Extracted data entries
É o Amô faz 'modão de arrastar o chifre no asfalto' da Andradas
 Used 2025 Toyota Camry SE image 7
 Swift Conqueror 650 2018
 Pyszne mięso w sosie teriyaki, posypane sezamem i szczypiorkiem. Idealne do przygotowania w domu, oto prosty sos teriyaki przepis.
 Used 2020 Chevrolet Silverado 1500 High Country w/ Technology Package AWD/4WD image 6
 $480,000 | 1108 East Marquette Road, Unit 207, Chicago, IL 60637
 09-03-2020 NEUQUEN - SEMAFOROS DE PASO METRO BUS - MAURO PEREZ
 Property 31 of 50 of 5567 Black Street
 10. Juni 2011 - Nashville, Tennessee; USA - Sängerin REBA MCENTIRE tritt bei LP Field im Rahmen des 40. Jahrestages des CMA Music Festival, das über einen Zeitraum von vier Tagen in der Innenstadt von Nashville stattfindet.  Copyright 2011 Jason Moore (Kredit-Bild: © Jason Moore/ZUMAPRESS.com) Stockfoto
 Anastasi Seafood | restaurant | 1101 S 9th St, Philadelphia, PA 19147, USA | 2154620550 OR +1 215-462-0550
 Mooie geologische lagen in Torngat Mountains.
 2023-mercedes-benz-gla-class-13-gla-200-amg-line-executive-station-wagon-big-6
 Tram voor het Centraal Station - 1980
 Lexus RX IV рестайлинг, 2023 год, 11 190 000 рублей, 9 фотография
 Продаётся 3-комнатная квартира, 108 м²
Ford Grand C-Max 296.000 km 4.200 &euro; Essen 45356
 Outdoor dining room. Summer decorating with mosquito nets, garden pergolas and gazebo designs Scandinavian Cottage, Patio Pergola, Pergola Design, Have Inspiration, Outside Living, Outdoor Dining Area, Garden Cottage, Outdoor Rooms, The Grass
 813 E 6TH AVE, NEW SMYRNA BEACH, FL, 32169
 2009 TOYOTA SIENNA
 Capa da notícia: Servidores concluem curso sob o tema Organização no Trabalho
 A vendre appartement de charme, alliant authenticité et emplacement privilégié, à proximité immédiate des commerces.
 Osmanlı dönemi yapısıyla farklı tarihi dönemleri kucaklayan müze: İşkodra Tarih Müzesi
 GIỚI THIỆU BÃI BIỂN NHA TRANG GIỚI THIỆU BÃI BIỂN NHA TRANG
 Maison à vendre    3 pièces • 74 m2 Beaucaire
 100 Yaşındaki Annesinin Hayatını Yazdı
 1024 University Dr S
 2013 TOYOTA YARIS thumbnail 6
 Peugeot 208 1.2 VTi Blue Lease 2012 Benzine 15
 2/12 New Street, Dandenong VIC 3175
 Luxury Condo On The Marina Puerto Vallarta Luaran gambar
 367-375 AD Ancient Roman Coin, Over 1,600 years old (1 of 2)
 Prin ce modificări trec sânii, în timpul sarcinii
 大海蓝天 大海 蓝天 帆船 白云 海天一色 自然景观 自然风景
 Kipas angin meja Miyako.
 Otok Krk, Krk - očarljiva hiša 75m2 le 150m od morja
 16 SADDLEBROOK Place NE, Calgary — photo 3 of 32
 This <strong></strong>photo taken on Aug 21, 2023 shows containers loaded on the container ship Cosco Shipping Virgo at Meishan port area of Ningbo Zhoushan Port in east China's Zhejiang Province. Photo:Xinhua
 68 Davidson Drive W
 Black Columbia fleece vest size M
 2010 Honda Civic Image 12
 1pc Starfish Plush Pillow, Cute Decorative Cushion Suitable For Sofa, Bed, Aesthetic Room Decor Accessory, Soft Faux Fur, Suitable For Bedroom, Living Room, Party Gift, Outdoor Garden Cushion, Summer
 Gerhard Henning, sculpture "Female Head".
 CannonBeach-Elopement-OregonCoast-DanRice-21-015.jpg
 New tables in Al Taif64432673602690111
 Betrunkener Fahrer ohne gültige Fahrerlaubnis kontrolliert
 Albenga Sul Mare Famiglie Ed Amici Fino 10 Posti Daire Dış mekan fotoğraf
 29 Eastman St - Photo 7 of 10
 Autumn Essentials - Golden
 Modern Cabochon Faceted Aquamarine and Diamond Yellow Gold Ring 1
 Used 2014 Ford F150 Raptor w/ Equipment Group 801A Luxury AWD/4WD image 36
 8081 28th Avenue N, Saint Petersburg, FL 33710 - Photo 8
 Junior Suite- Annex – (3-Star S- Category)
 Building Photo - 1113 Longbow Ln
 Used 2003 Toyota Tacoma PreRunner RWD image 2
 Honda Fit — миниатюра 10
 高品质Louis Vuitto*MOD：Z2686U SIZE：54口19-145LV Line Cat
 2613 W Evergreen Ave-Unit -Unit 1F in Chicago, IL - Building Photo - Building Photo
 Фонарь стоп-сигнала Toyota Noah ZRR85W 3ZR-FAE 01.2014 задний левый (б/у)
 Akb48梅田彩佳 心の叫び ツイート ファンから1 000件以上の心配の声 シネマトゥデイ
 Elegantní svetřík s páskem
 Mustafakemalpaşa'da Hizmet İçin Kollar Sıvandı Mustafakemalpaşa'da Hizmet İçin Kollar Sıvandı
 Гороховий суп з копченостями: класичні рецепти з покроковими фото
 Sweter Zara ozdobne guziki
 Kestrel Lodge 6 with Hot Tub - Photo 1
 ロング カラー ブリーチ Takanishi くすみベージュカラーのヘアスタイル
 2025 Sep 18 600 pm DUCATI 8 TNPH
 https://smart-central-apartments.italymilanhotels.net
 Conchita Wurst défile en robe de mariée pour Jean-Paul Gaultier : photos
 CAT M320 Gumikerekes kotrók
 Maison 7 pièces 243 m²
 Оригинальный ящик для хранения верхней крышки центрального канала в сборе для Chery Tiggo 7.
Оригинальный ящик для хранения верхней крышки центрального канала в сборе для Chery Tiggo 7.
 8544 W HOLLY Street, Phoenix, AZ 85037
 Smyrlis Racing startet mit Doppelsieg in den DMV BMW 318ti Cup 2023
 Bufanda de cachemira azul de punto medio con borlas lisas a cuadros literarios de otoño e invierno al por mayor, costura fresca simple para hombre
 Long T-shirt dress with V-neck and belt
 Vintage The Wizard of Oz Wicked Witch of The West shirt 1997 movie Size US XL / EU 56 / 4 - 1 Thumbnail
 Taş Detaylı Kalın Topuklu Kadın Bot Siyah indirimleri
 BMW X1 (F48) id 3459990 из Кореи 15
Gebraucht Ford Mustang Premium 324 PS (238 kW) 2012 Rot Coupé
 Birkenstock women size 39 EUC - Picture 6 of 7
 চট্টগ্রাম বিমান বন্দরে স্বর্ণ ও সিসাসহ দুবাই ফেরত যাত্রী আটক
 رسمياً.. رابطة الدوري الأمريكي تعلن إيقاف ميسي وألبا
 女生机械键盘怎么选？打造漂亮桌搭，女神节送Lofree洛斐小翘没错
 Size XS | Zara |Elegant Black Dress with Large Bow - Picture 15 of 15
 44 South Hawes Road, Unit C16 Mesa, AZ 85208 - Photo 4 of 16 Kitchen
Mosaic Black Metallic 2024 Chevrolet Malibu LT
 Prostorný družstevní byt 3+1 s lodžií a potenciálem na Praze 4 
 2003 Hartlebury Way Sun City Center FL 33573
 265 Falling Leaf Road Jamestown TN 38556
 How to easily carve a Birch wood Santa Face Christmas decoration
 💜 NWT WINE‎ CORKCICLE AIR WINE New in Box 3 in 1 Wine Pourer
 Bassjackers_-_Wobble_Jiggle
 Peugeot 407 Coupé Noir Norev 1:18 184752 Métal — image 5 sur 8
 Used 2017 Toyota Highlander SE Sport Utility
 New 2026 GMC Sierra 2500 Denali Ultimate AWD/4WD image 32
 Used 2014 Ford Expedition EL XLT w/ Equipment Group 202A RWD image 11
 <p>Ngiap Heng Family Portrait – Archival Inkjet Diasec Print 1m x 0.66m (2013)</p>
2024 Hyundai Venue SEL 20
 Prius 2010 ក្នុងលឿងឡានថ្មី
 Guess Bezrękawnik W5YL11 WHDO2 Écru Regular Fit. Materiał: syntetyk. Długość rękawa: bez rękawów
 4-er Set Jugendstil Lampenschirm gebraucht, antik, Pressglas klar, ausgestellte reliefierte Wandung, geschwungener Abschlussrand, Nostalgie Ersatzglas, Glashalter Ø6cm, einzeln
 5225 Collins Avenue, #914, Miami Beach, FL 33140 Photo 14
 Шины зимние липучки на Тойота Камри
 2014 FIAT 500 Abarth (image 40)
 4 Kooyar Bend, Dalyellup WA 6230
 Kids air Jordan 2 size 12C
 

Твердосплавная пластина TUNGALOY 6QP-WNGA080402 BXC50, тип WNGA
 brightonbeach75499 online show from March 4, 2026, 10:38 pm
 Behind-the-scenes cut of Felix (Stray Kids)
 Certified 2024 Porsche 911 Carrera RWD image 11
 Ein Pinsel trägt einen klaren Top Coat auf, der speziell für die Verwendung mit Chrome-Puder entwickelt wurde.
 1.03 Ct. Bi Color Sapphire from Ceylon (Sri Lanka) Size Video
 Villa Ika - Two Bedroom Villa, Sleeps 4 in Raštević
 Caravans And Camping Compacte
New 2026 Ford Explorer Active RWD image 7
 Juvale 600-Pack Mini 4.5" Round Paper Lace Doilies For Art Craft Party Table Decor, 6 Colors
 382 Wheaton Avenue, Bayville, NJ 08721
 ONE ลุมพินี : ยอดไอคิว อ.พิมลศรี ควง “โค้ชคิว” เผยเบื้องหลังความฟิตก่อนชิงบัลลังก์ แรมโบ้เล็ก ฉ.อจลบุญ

> _Task to complete_:
Report how many lines of the data contain the word "Used", using the number alone.

> _Completed task_:
6